## Exercise description
Below are some records. Write out the lines from the one containing "前列腺腺癌，泡沫状腺体型伴黏液型" to the last line, word for word, leaving out pictures.
··· Data for the task
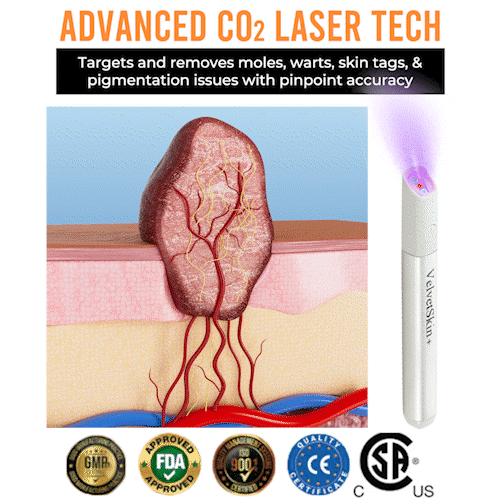 VelvetSkin+ All-in-One Laser Eraser Pen - Image 8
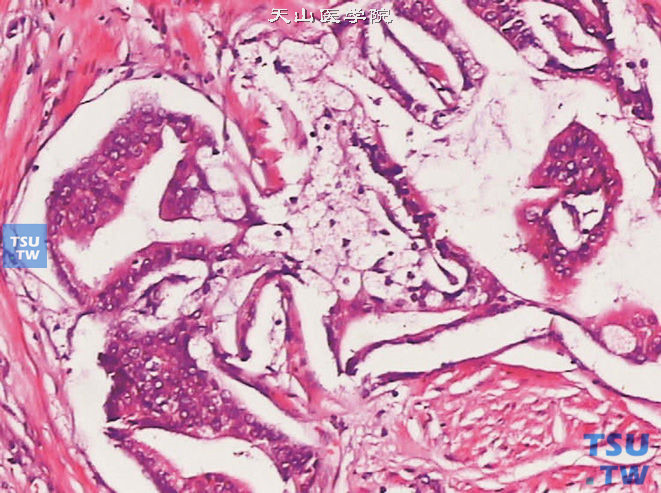 前列腺腺癌，泡沫状腺体型伴黏液型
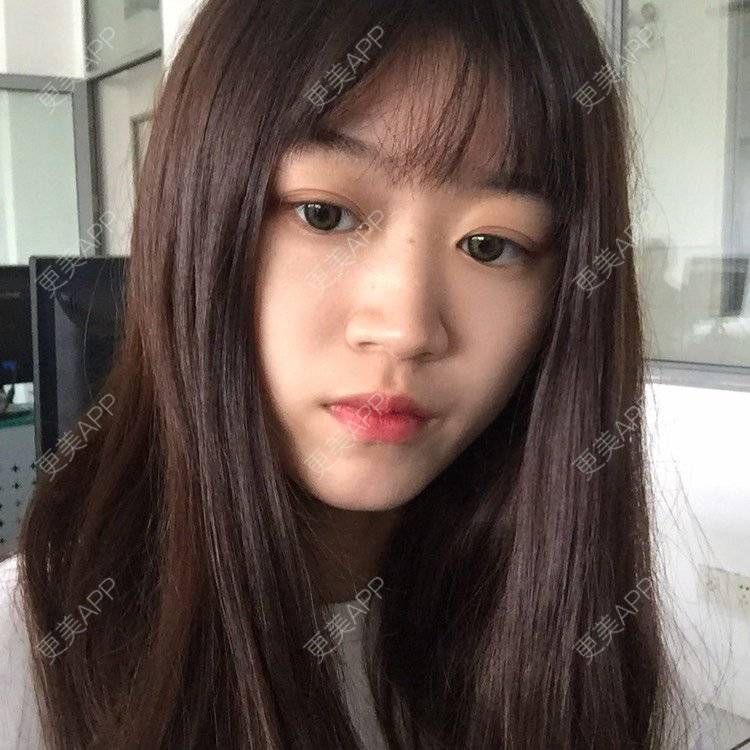 更美 - 妞妞牛小米的鼻部多项经验 | 鼻部多项 | 手术缩鼻头 | 自体软骨垫鼻尖 | 鼻中隔软骨垫鼻头 | 上海
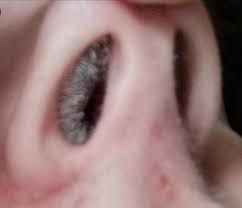 That means only few beard hairs i am just 30 years old i am having white hair on my mustache and beard and some in nose hair how. I Was Spray Painting My 40k Army And Sneezed I Noticed My Nose Hairs Hasd Been Dyed White After 2 Hours It Dried Mildyinfuriating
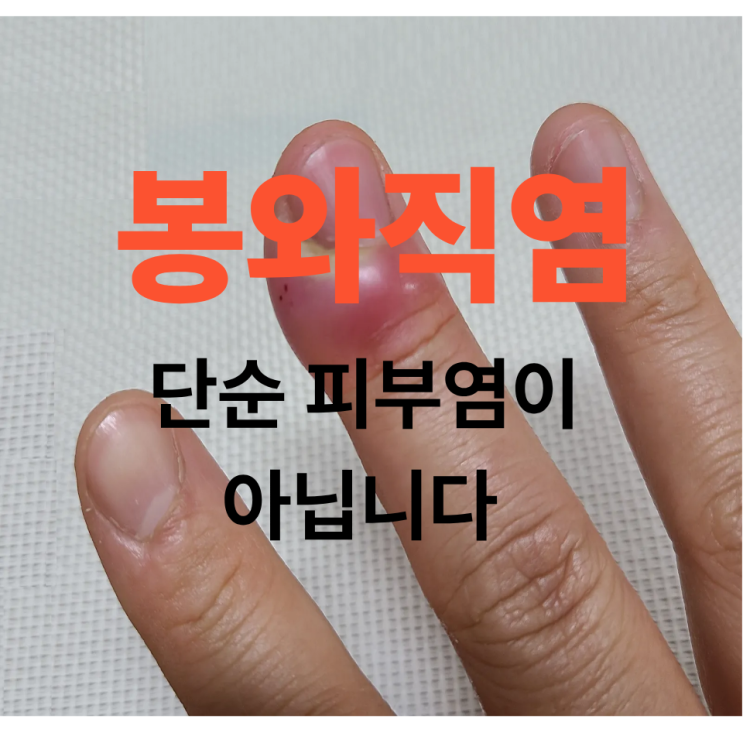  봉와직염 단순 피부염이 아닙니다  초기 치료가 중요한 이유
······
## Response to this task
 前列腺腺癌，泡沫状腺体型伴黏液型
 更美 - 妞妞牛小米的鼻部多项经验 | 鼻部多项 | 手术缩鼻头 | 自体软骨垫鼻尖 | 鼻中隔软骨垫鼻头 | 上海
 That means only few beard hairs i am just 30 years old i am having white hair on my mustache and beard and some in nose hair how. I Was Spray Painting My 40k Army And Sneezed I Noticed My Nose Hairs Hasd Been Dyed White After 2 Hours It Dried Mildyinfuriating
  봉와직염 단순 피부염이 아닙니다  초기 치료가 중요한 이유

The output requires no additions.